カスタマーズセンターからの
住まいのワンポイントアドバイス
庭木の水やりのコツ
庭木の管理について、水やりの目的、水やりの方法など、基本的なルールをご紹介します。
水やりの目的
植物細胞に含まれる水分は70〜90%で、ほとんどが水分だといえます。植物のからだの中で水分は養分を溶かし、その養分を運び、蒸散させて体温を調節するなどの重要な役割を果たしています。植え付け直後は、大事な水分を体に取り込むための根が切られていたり、傷ついて十分に回復していなかったりするので、とてもデリケートで乾燥に弱くなっています。水分を取り込む細い根は、水不足で一度乾燥してしまうと、水をあげても復活することはありません。
この時期に水やりを怠ると、木が枯れたり弱ったりする原因となります(植え付け直後から半年間の水やりを怠って木が弱った場合、回復するまで5年ほどかかることがあるので植え付け直後の水やりは重要です!)。
水やりの方法
水やりは、「回数は少なく一度にたっぷり地中深くに浸みこむように」が基本です。水の量が少なすぎても根が乾燥して枯れてしまい、反対に多すぎても根腐れして枯れてしまうので、水やりの回数と量は大変重要です。水分が土の表面だけで地中深くまで行き渡っていない状態だと、根が浅くしか張らなくなってしまいます。根は地中深くに浸みこんだ水を求めて深く広く伸びていきます。根の底の方までしっかり届くようにたっぷり与えてください。
水やりのタイミングは、根の表面付近の土が乾いた時です。土中の水分は地表に近い順に乾いていきます。表面が乾いてすぐの時は、根の下の方はまだ乾いていない状態です。この状態になったら、たっぷりと水を与えましょう。土が乾いたかどうかの判断は、直接触って確認するのがいちばんです。また、乾いてくると土の色が薄くなってくるので目視でも判断できます。日々の観察がもっとも重要です。
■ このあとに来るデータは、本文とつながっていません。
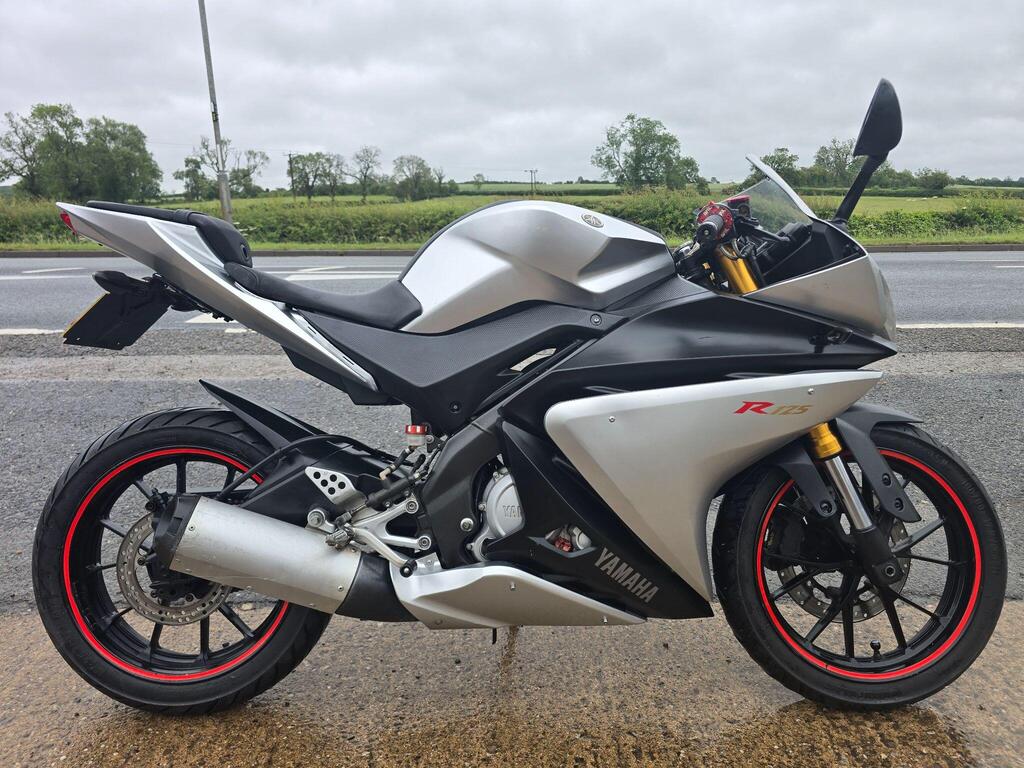 Yamaha R125 Super Sports 125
表面が乾く前に水やりを続けてしまうと根腐れを起こすのでタイミングに注意しましょう。
水の量は、夏は多く、冬は少なく
ゴールデンウィーク頃(5月)と夏場(7〜9月)は、高温になり乾燥しやすい気候のため、多めに水やりが必要です。朝方(午前9時まで)か、夕方(5時以降)に行なってください。
日中の暑い時間の水やりは厳禁です。夏場の直射日光が強い時に葉に水をかけると、水滴がレンズの役目をして葉が焼けてしまいます。葉には水をかけないようにしてください。
冬場は、晴天が続いた時以外、水やりの必要はありません。植木の根まわりに雪がある場合も、水やりの必要はありません。晴天が続いて雪も解けて、土の表面が乾いてきた場合のみ水やりが必要です。
その場合は、日中(午前10時〜午後2時まで)に行なってください。夕方に水をやると、夜間の冷え込みで水が凍り、根を傷める場合があります。
木の大きさによる生長の違い
若い植木は、植え付け後の生長が早く、ほとんどが新しい環境にも順応します。反対に、ある程度に育った木を植え付けた場合は新しい環境に慣れるまで時間がかかります。
新しい環境に慣れていく段階で、枝枯れを起こすことがあります。これは、新たな環境に合わせようとしている生理現象です。根を切られた影響と不要な枝を落として必要な枝を新たに芽吹かせようとしているので、しばらく様子を見ましょう。大きな木を植え付けた時ほど、こういった現象を起こしやすく、元気がでてくるまで年数がかかることがあります。
最後に……
植栽は生き物ですので、いろいろなことが起こります。また、同じ種類でも生長の度合いはさまざまです。手がかかることもありますが、やさしく長い目で見守ってください。